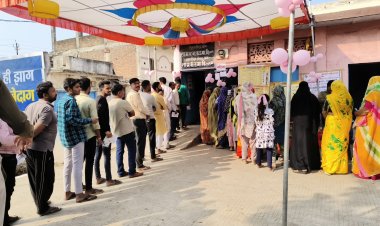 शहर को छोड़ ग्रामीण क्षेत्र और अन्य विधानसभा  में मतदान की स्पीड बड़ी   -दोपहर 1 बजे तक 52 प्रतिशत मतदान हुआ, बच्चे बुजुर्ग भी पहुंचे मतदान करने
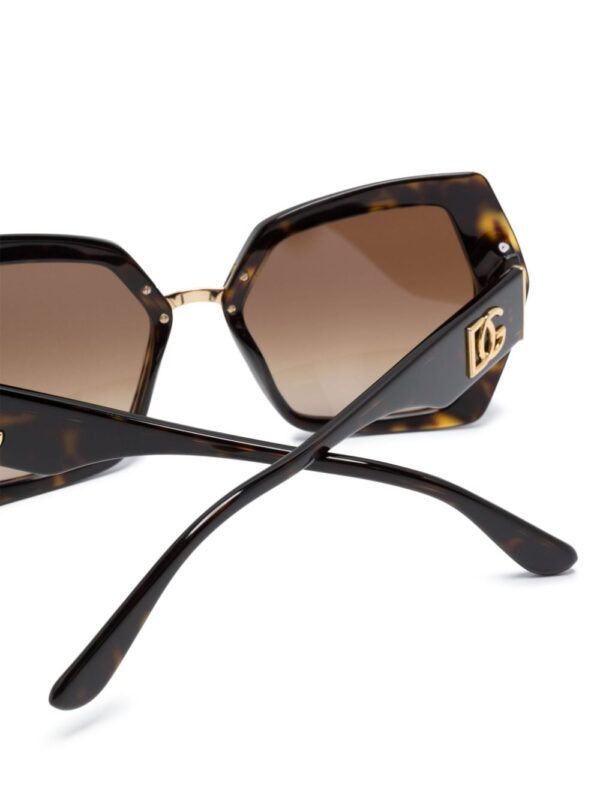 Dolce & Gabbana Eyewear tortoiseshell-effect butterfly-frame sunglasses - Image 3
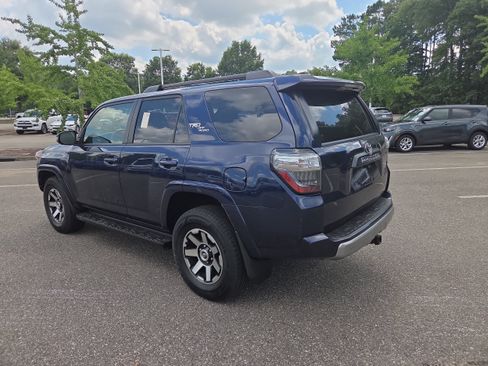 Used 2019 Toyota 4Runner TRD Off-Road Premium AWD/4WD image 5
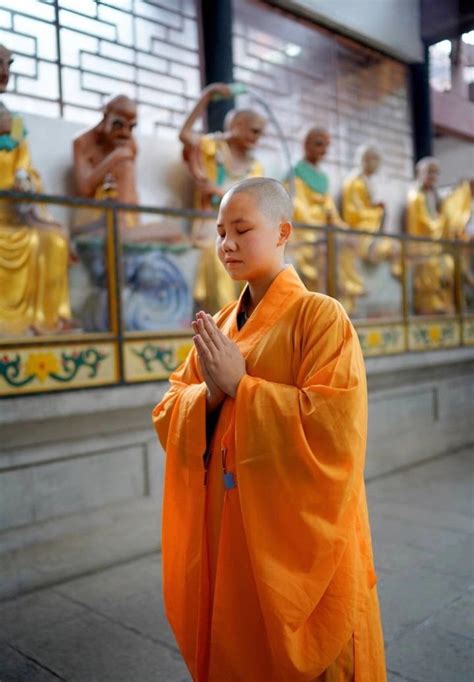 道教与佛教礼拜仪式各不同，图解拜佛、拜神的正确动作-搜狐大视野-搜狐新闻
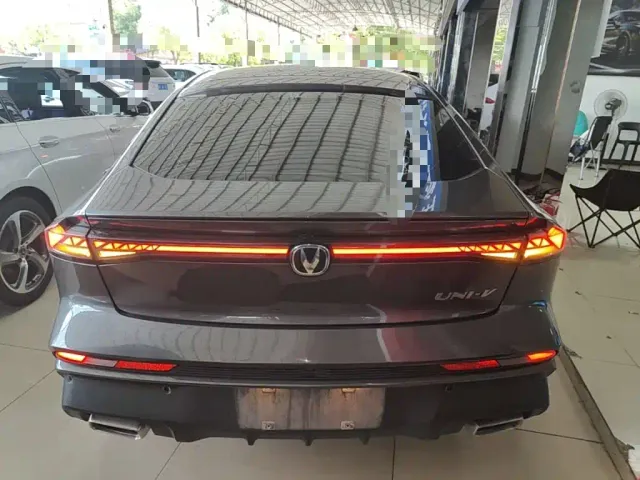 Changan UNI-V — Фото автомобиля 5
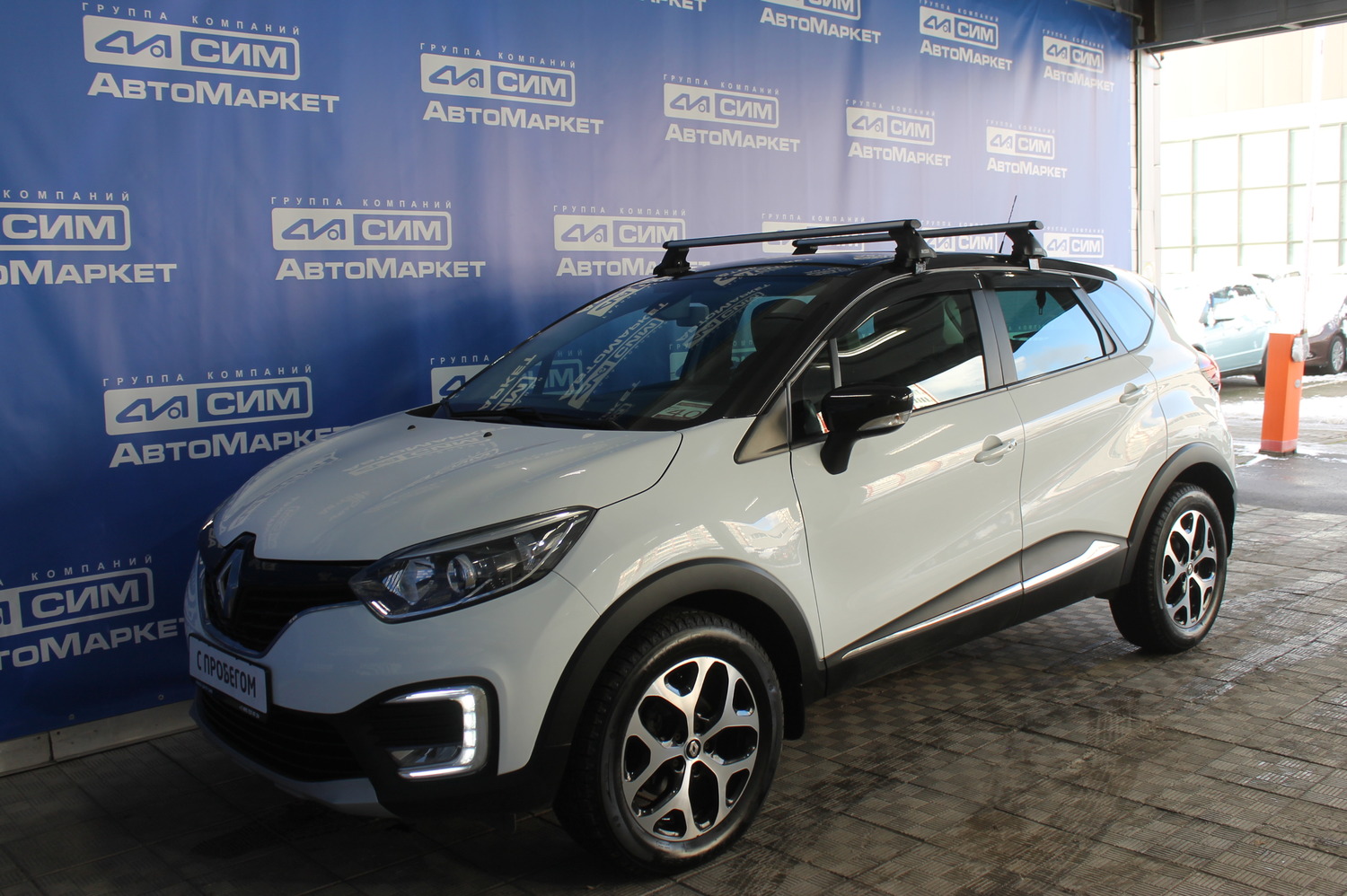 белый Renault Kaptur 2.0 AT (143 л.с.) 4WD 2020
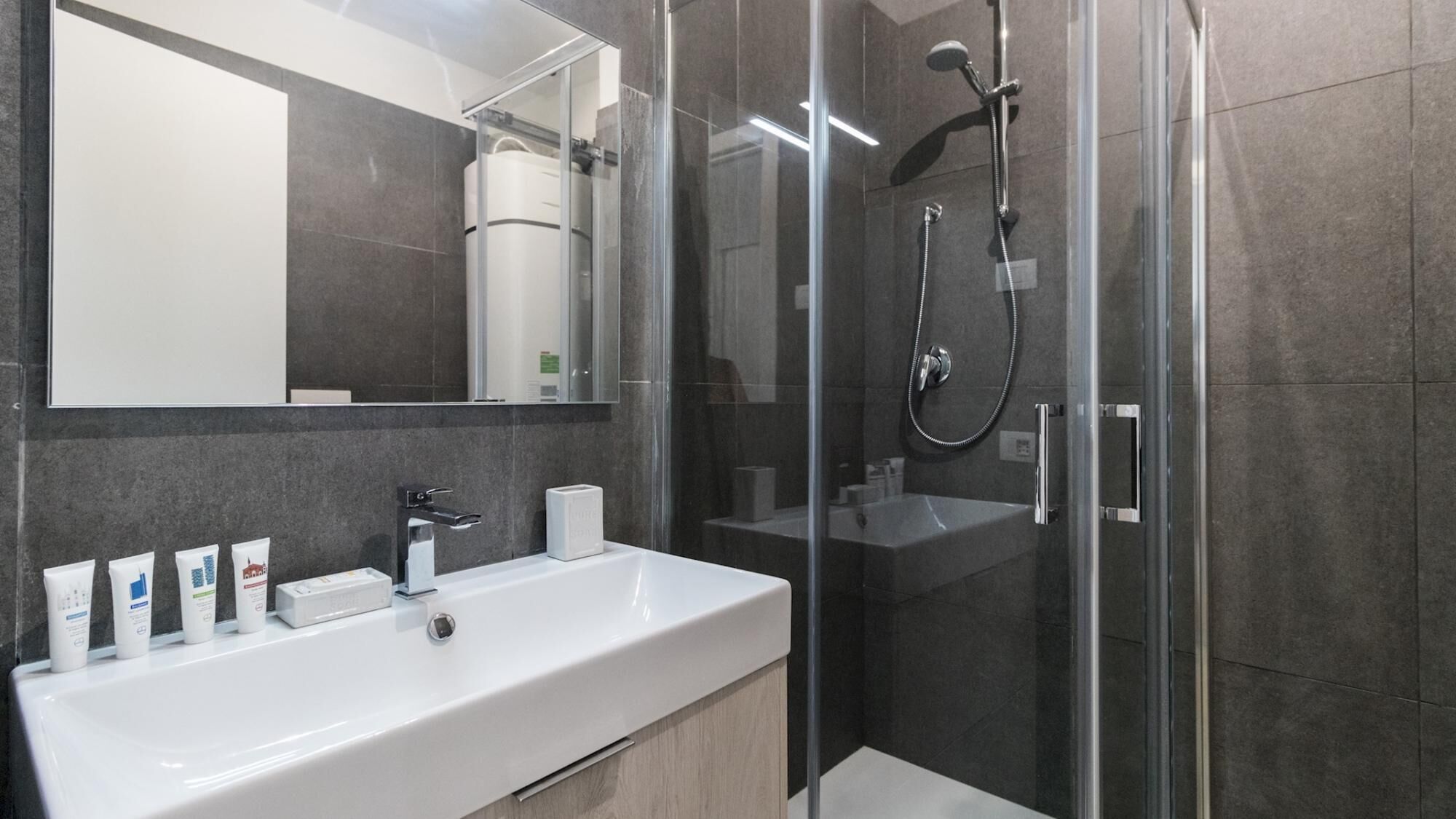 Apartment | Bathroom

•••••

WORK INSTRUCTIONS
Skip the pictures, then write out every entry exactly.

EXERCISE SOLUTION
 शहर को छोड़ ग्रामीण क्षेत्र और अन्य विधानसभा  में मतदान की स्पीड बड़ी   -दोपहर 1 बजे तक 52 प्रतिशत मतदान हुआ, बच्चे बुजुर्ग भी पहुंचे मतदान करने
 Dolce & Gabbana Eyewear tortoiseshell-effect butterfly-frame sunglasses - Image 3
 Used 2019 Toyota 4Runner TRD Off-Road Premium AWD/4WD image 5
 道教与佛教礼拜仪式各不同，图解拜佛、拜神的正确动作-搜狐大视野-搜狐新闻
 Changan UNI-V — Фото автомобиля 5
 белый Renault Kaptur 2.0 AT (143 л.с.) 4WD 2020
 Apartment | Bathroom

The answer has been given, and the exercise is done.